▸ **TO DO**: Leaving out pictures, output exactly the lines below from the one that has "Today we'll be" through the one that has "Hello friends, this", and nothing else.

▸ **THE DATA**:

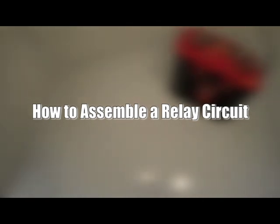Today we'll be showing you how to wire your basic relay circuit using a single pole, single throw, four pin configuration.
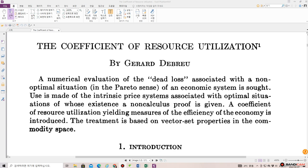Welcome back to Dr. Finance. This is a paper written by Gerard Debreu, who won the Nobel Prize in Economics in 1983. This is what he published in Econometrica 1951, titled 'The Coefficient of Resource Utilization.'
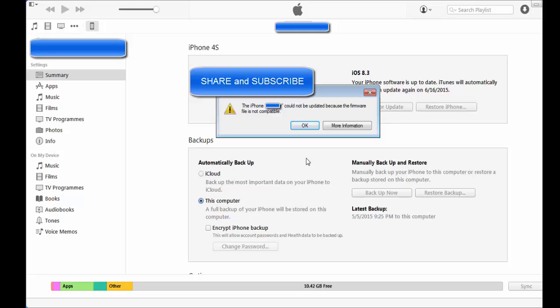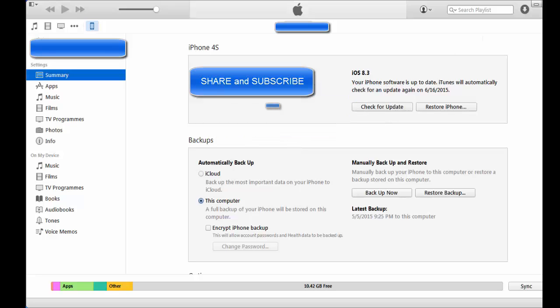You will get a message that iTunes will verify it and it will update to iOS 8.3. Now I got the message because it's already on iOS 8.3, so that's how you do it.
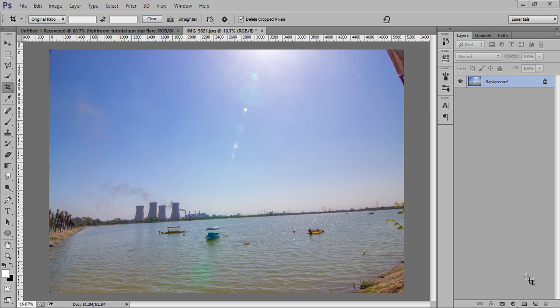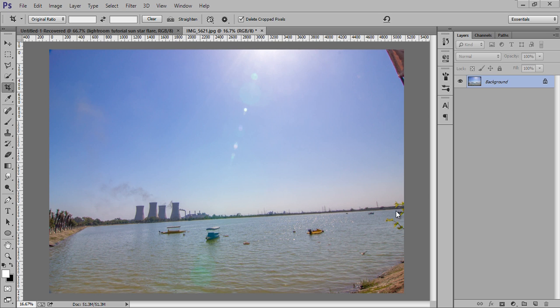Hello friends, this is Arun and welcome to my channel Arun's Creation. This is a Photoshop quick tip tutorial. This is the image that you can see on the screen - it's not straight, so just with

...

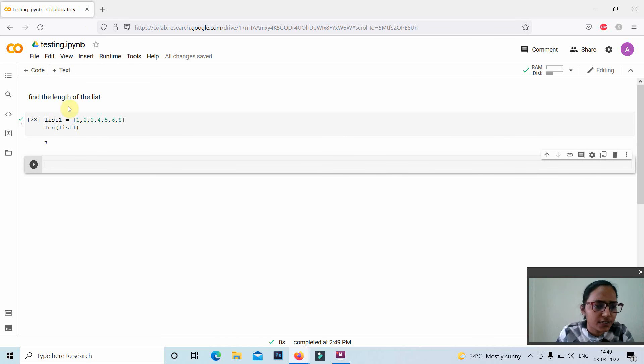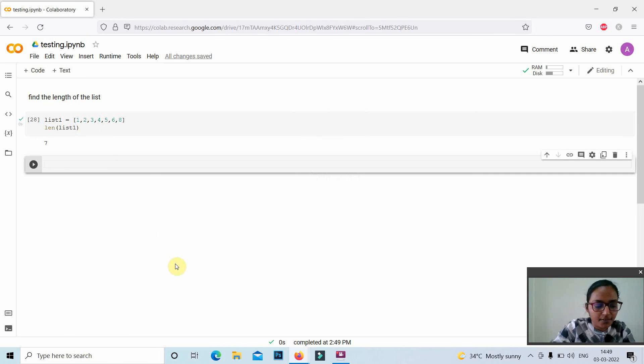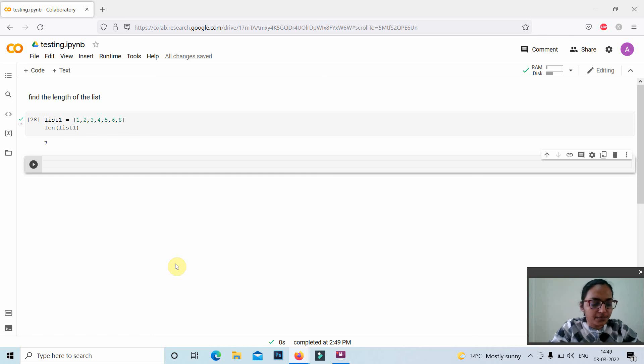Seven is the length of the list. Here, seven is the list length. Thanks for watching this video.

==

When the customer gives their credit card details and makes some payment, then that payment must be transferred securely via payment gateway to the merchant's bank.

▸ **REPLY TO THE TASK**:
Today we'll be showing you how to wire your basic relay circuit using a single pole, single throw, four pin configuration.
Welcome back to Dr. Finance. This is a paper written by Gerard Debreu, who won the Nobel Prize in Economics in 1983. This is what he published in Econometrica 1951, titled 'The Coefficient of Resource Utilization.'
You will get a message that iTunes will verify it and it will update to iOS 8.3. Now I got the message because it's already on iOS 8.3, so that's how you do it.
Hello friends, this is Arun and welcome to my channel Arun's Creation. This is a Photoshop quick tip tutorial. This is the image that you can see on the screen - it's not straight, so just with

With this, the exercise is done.